Maxwell’s characters are well developed, especially Hadley’s best friend Jude, who possesses a unique voice; as soon as Jude’s dialogue begins we know who’s talking. She provides the only comic relief. Here the child Jude is attempting to name a dog she and Hadley have found injured in the road: “I think we should call her Lucky, but Hadley says she wasn’t very lucky when that car hit her, unless bad luck counts,” Jude breathlessly recounts. “But Bad Lucky isn’t a very good name for a dog.”

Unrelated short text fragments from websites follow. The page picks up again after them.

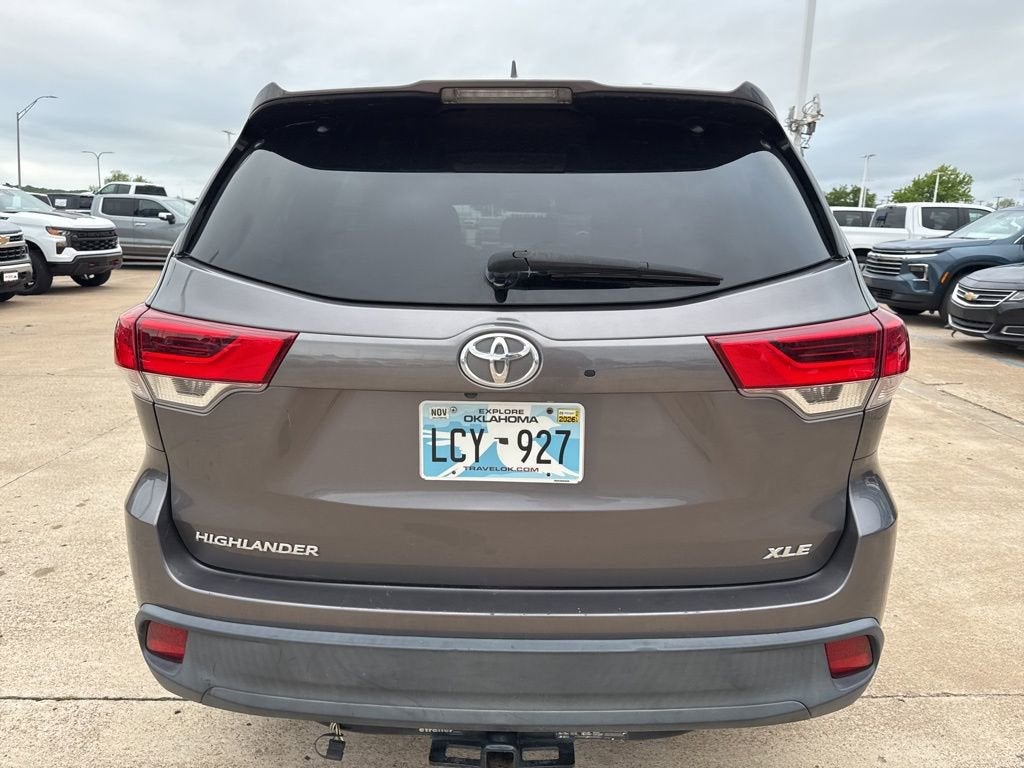 2018 Toyota Highlander SE
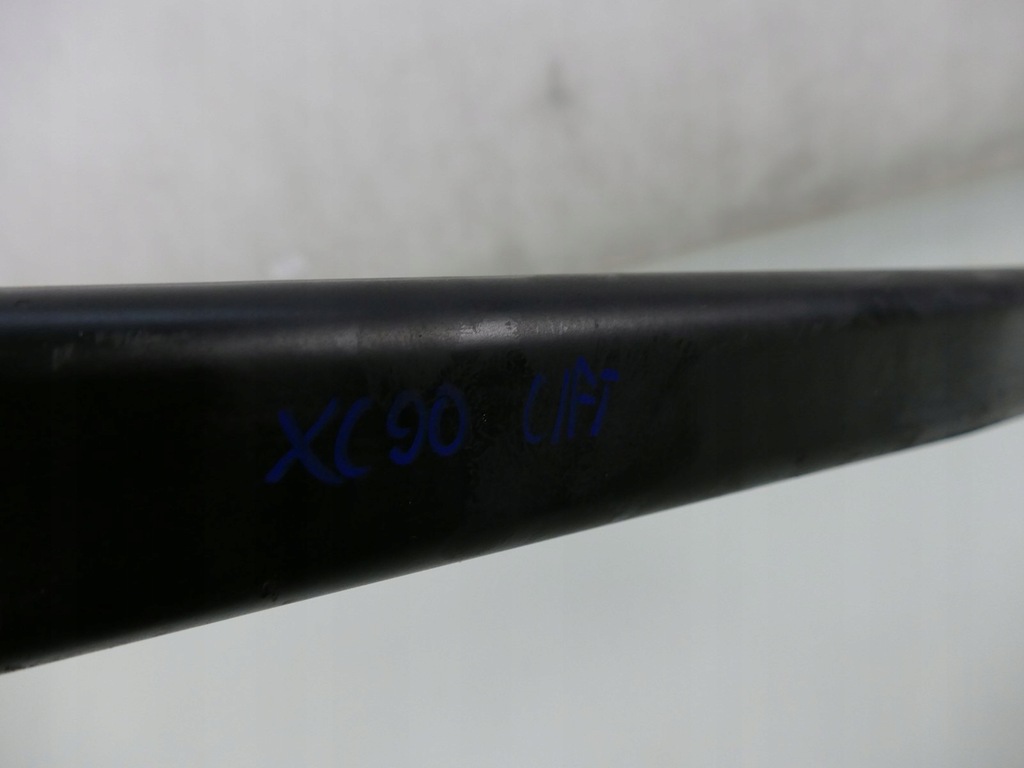 фото №8, Volvo xc90 i 2.4 d5 распорка чашка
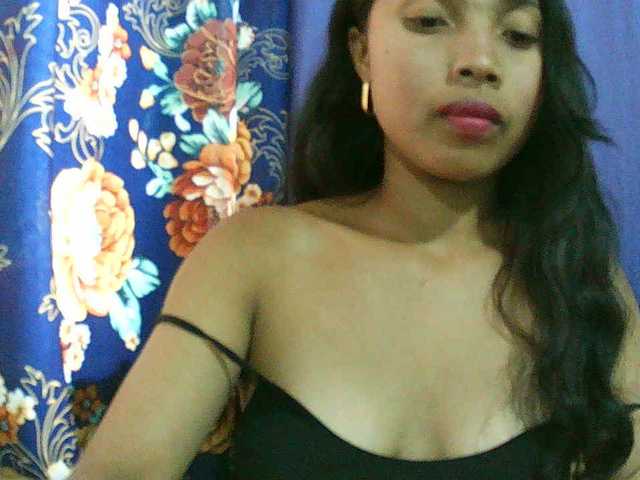 Eva-011 live cam on BongaCams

Another standout character is Uncle Eli, a Boo Radley sort, who lives in the woods hiding his scarred face from the world in a shack which “could have sprouted out of the east Texas riverbank soil, fertilized by pine needles and motor oil,” Maxwell writes, “raised with loving, calloused hands by trailer park mothers who smelled like cinnamon and menthol cigarettes.”
Precise word choices are evident as Maxwell turns a phrase, as in this description of the child Hadley: “Next to Jude, with her gold-dust skin, Hadley looked like a coloring page that someone had forgotten to color in.” When the young artist Hadley is introduced to painting, she marvels at the names of the paint colors: “Vermilion, burnt umber, ultramarine. Even the words felt exotic. Elegant, like red, orange, and blue, but all grown up and dressed for the opera.”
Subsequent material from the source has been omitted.